In tale contesto si inserisce il mercato del servizio di dispacciamento (MSD), a cui sono ammessi solo gli operatori a ciò specificamente abilitati, titolari di impianti denominati “ unità di produzione o di consumo ”, i quali si obbligano a immettere e/o a prelevare energia elettrica secondo le disposizioni impartite dal gestore della rete. In tal mercato, diversamente dal mercato dell’energia elettrica all’ingrosso, la domanda è espressa dal solo gestore della rete (e non dagli utenti del dispacciamento) ed è una domanda rigida (rispetto al prezzo) per ciascuna delle risorse necessarie a garantire la sicurezza del sistema ossia delle risorse necessarie ad assicurare il continuo equilibrio di prelievi ed immissioni sulla rete nel rispetto dei vincoli fisici del sistema.

Nell’ambito del MSD, si distinguono una fase ex ante , in cui il gestore acquista l’energia necessaria all’equilibrio del sistema basandosi su una previsione a breve termine, e una fase di bilanciamento (MB), in cui il gestore agisce in tempo reale. La valorizzazione dell’energia elettrica che si forma nel mercato dei servizi di dispacciamento è spesso sensibilmente più elevata dei prezzi ordinari. La differenza fra i prezzi dell’energia nel MSD e i prezzi dell’energia nelle contrattazioni precedenti effettuate nel MGP può quindi incentivare i comportamenti opportunistici dei titolari di unità di consumo, utenti del dispacciamento non abilitati al MSD, che, sovradimensionando sistematicamente la propria previsione di prelievo, intendano appropriarsi in tal modo del sopraprezzo. Quest’ultimo costituisce peraltro un costo addizionale che confluisce nei costi delle attività di approvvigionamento d’energia – denominato “ uplift ” – sostenuti in prima battuta dal gestore e poi addossati sugli utenti come una componente della bolletta elettrica.

Per fronteggiare il diffuso inadempimento dell’obbligo di programmazione diligente, l’Autorità ha adottato una riforma generale della disciplina degli sbilanciamenti (in esito ai documenti di consultazione 368/2013/R/eel, 163/2015/R/eel e 316/2016/R/eel), e poi ha adottato una serie di provvedimenti prescrittivi nei confronti dei soggetti responsabili delle condotte abusive.

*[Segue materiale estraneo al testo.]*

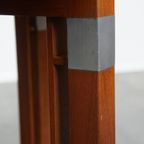 Ronde Schuitema Bijzet/ Salontafel In Art Deco Stijl Uit De Geliefde Decoforma Serie thumbnail 3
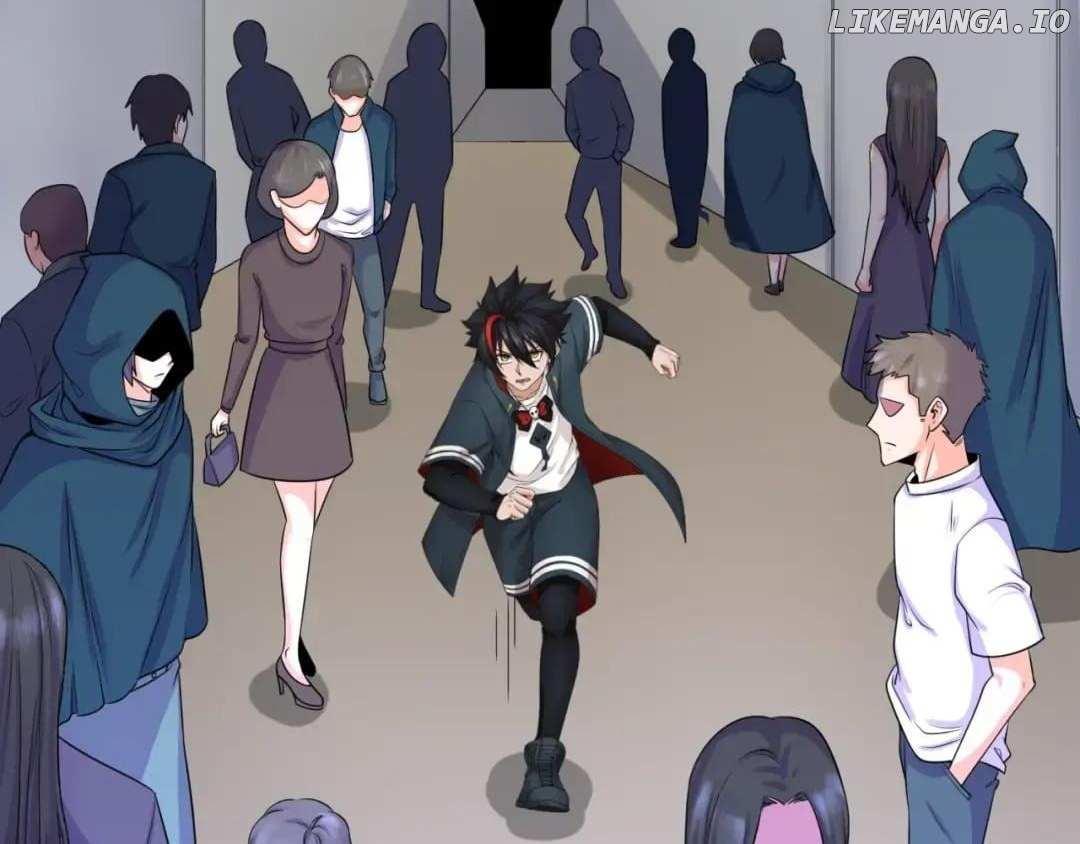 Read Era of the Haunted Manga Online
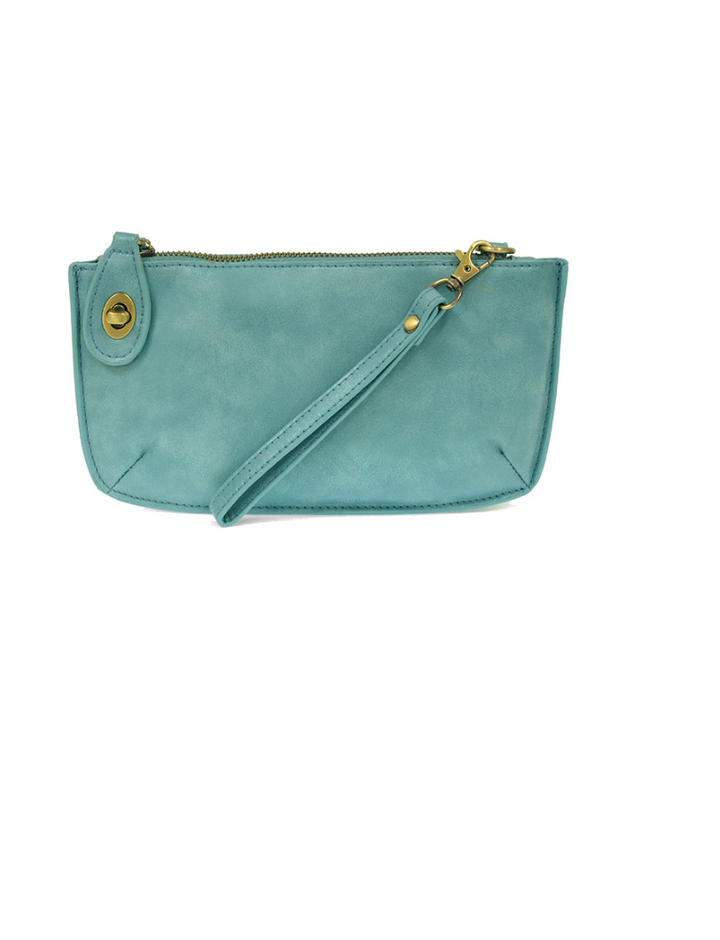 Lux Crossbody Wristlet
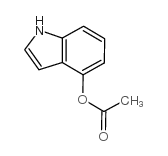 4-インドリルアセテート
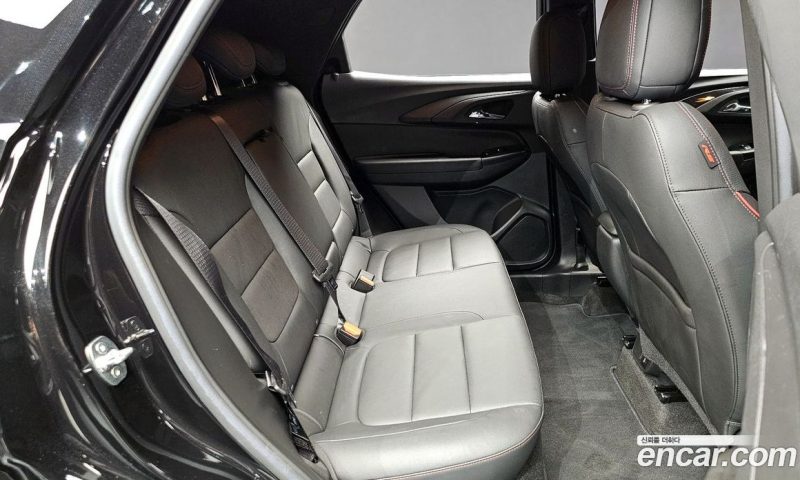 Chevrolet Trailblazer 1.3 Turbo 2WD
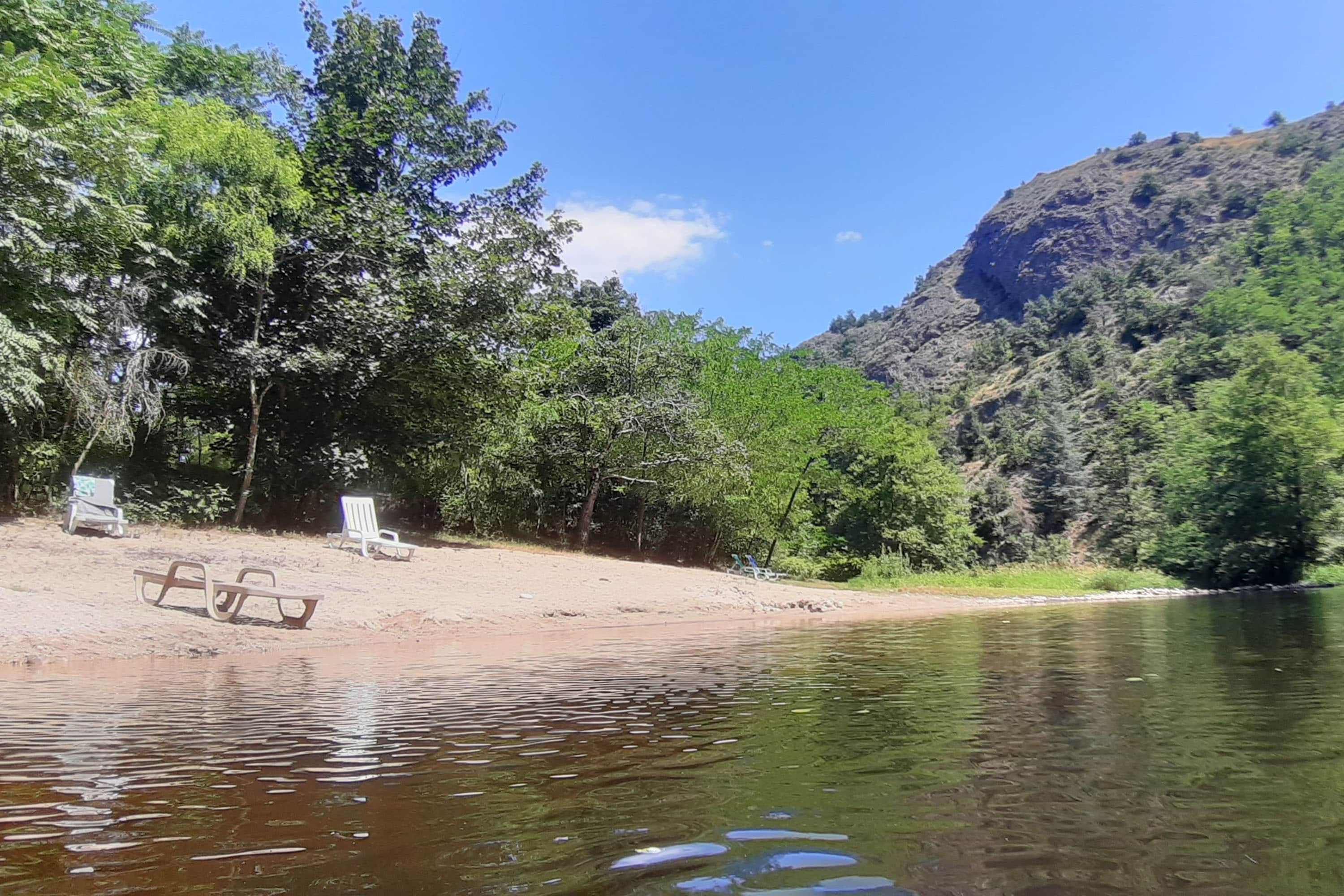 Vakantie naar Camping Le Viaduc in Ardèche in Frankrijk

Con la deliberazione del 29 ottobre 2014, n. 525/2014/R/eel, recante “ Modifiche e integrazioni alla disciplina degli sbilanciamenti effettivi di energia elettrica ”, è stato imposto agli utenti del dispacciamento di definire i loro programmi di immissione e prelievo, evitando qualsiasi sbilanciamento volontario e attenendosi alle “ migliori stime ” dei quantitativi di energia elettrica effettivamente a disposizione e necessari. In particolare, tale delibera ha disposto che, a partire dal 1° novembre 2014, l’art. 14.6 dell’Allegato A della deliberazione n. 111/06, sulle condizioni per l’erogazione del servizio di dispacciamento dell’energia elettrica sul territorio nazionale, sia così sostituito: “ Gli utenti del dispacciamento delle unità fisiche di produzione e consumo sono tenuti a definire programmi di immissione e prelievo utilizzando le migliori stime dei quantitativi di energia elettrica effettivamente prodotti dalle medesime unità, in conformità ai principi di diligenza, prudenza, perizia e previdenza ”. Ai sensi dell’art. 14, comma 7, della delibera 111/06, il gestore di rete segnala alla Autorità “ significativi e reiterati scostamenti dall’applicazione dei principi enunciati al comma precedente ”, ovvero dai principi della programmazione vincolante prudentemente calcolata, “ per l’adozione dei relativi provvedimenti di competenza ”.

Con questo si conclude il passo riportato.